= Task goal =
All of the data should be restated word for word, with the pictures omitted.

= Provided data =
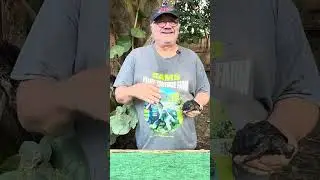 ID#5554 Детеныш альдабрской черепахи длиной 4 дюйма. Необычный, с очень редким, целым щитком.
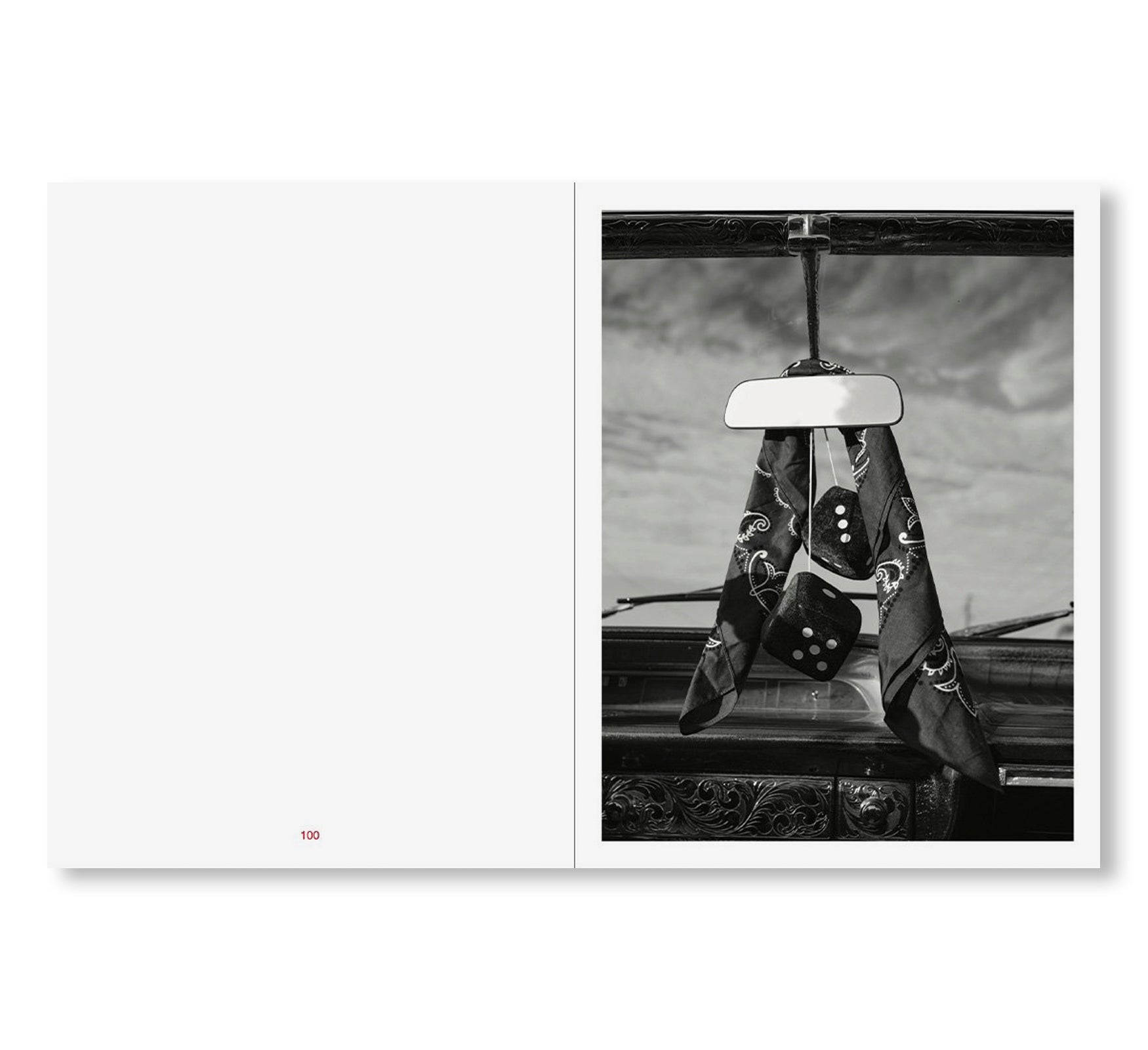 TIN LIZARDS by Robert LeBlanc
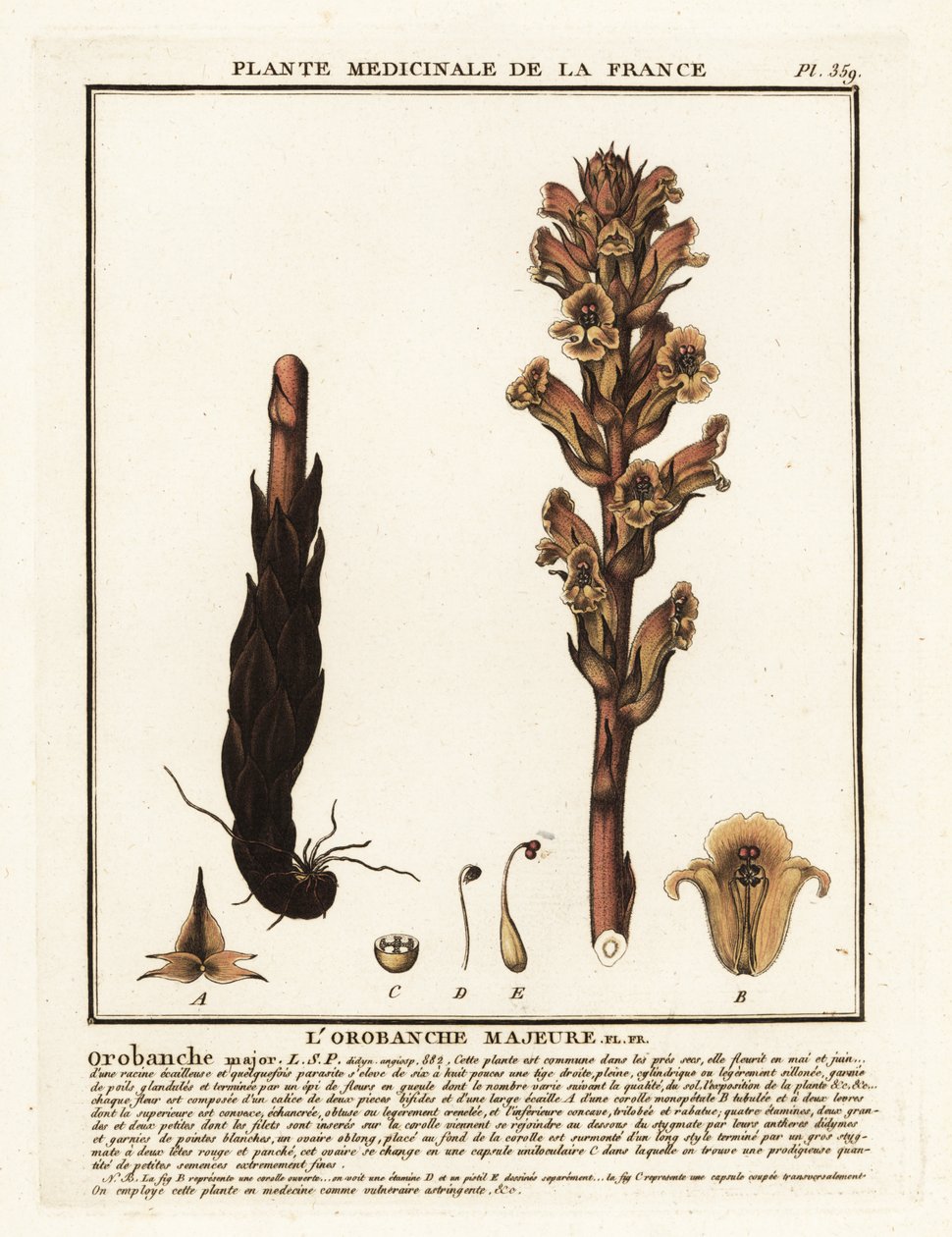 Orobanche caryophyllacea - Unbekannter Künstler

= Response =
 ID#5554 Детеныш альдабрской черепахи длиной 4 дюйма. Необычный, с очень редким, целым щитком.
 TIN LIZARDS by Robert LeBlanc
 Orobanche caryophyllacea - Unbekannter Künstler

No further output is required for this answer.